For example, there used to be a $10 million cap on companies that engaged in fraudulent or misleading practices. That is now up to three percent of the value of the benefit derived from the product or three percent of worldwide annual gross revenue.
Another development, Li says, is a pullback in regulator guidance in this area. Recently the bureau “archived” its environmental claims guidance, “so what we have now is a bit of a regulatory vacuum – we’ve got greater scrutiny, but less guidance.”
Li explains that when the bureau put out its guidance in 2008, it was a document that companies used as a roadmap for making green claims in areas such as recyclability, compostability, and carbon neutrality.

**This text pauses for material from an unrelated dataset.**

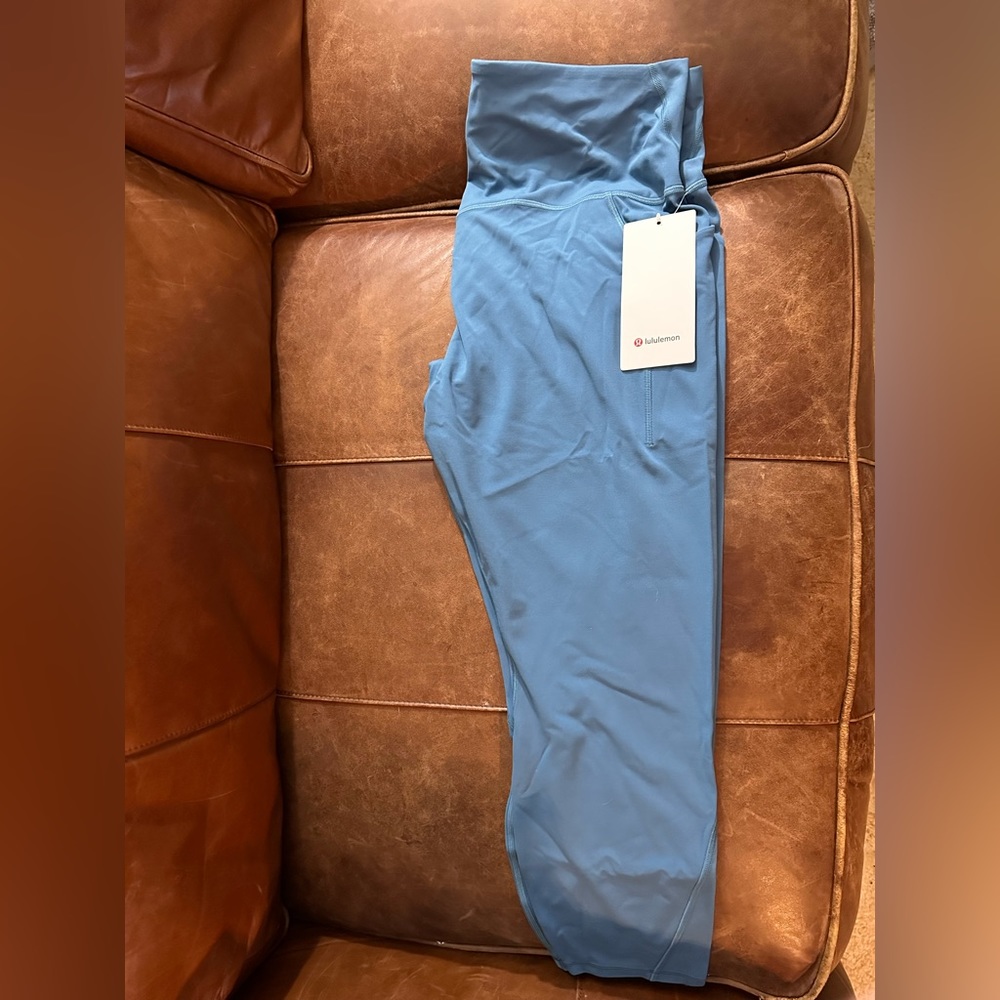 Lululemon Align 25” - Capri Blue- Size 16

However, the bureau recently said the 2008 guidelines don’t reflect current thinking and archived it as a piece of “historical documentation.” New guidelines have yet to be published.
“So, although we still have the law, and the law is generally the same as misleading advertising, which governs greenwashing, . . . we don’t have that prescriptive guidance anymore,” she says. “A lot of companies are now struggling to figure out, for example, what are, say, the four factors I should consider when making a recycling claim.”
A rising number of greenwashing litigation cases
Li’s colleague at Blakes, litigator David Tupper, adds that activist organizations, such as Greenpeace, have been actively pursuing greenwashing complaints, including those that result in investigations by securities regulators or competition regulators.
He points to cases catalogued in Climate Case Chart, which provides a US climate change litigation database and a global climate change litigation database.
The US chart is updated monthly and includes 1,613 cases, while the global database includes 741 from over 55 countries. The database also provides climate litigation cases before international or regional courts or tribunals. Under the category of “misleading advertising” in the global database, there are 39 cases, including Greenpeace Canada’s to the Competition Bureau of Canada in March 2023, alleging that the Pathways Alliance’s “Let’s clear the air” advertising campaign makes false or misleading representations.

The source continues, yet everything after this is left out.